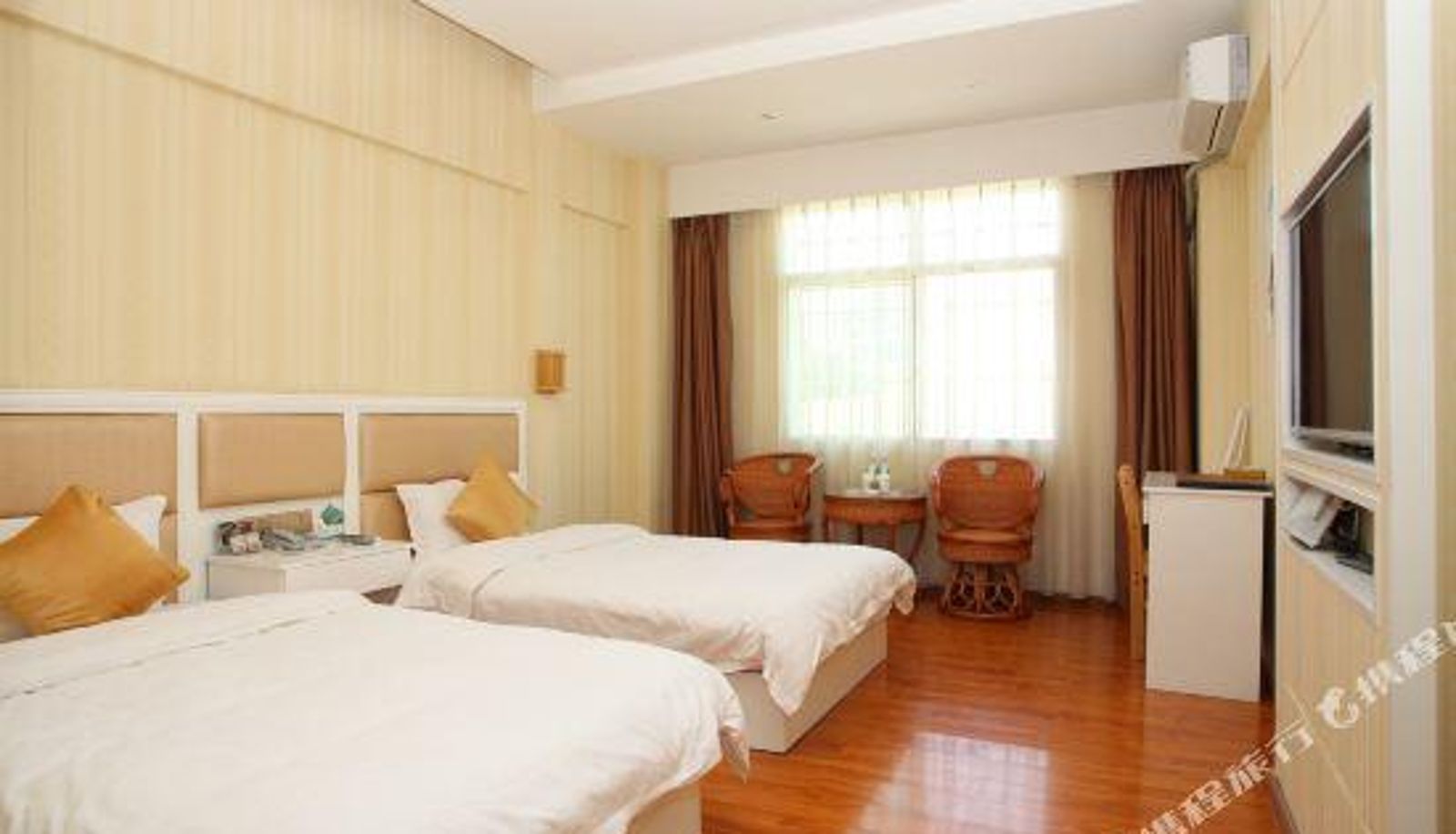 Kamer - Mangshi Cuidi Hotel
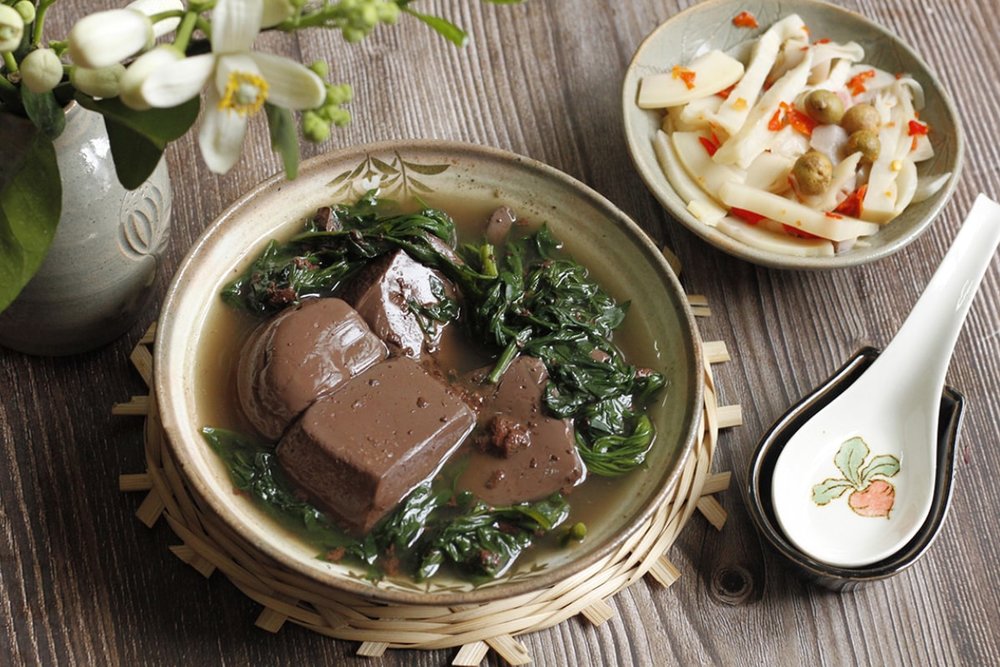 Tiết Hầm Lá Ngải Cứu - Món Ngon Bổ Dưỡng Ở Hạ Long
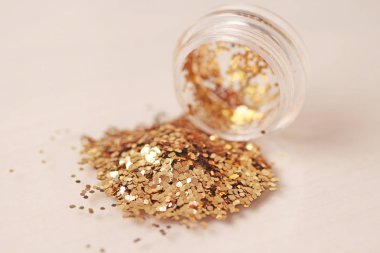 Altın pul bir kutu çivi tasarımı için. Kavanozlarda parıltı. Folyo tırnak hizmet için. Fotoğraf kümesi. Köpüklü güzellik ışıltı, glitter.
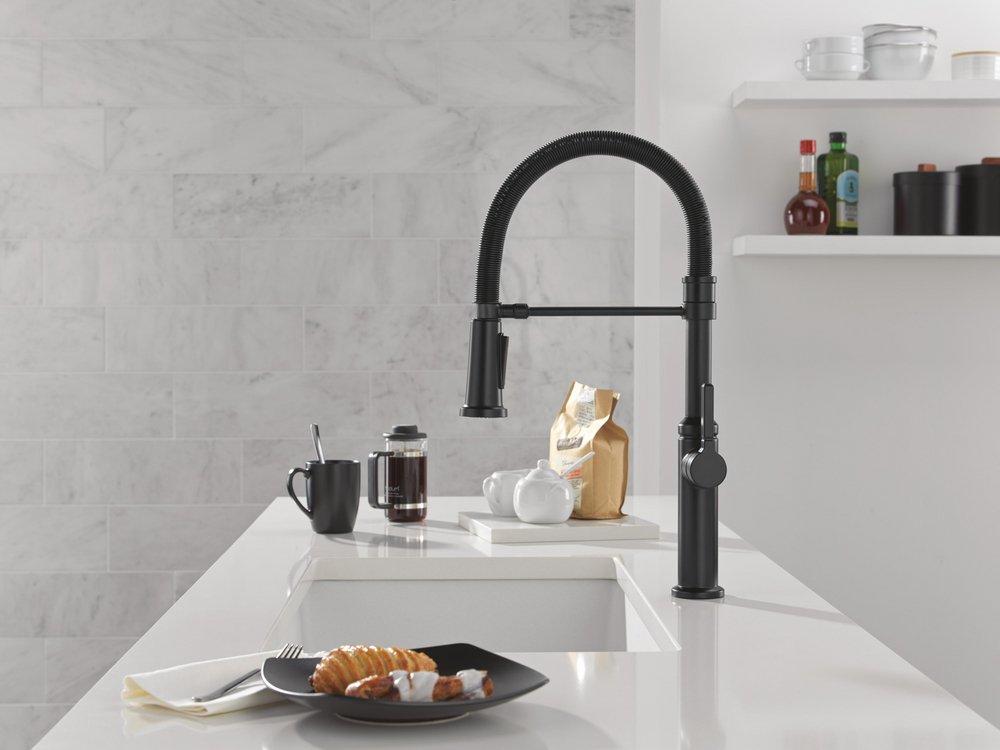DELTA RHETT SINGLE HANDLE PULL-DOWN SPRING KITCHEN FAUCET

**Exercise directions:** Would you transcribe, exactly and only, the lines from the one that contains "Altın pul bir" through the last line of the data above, without any pictures?

**Answer box:**
 Altın pul bir kutu çivi tasarımı için. Kavanozlarda parıltı. Folyo tırnak hizmet için. Fotoğraf kümesi. Köpüklü güzellik ışıltı, glitter.
DELTA RHETT SINGLE HANDLE PULL-DOWN SPRING KITCHEN FAUCET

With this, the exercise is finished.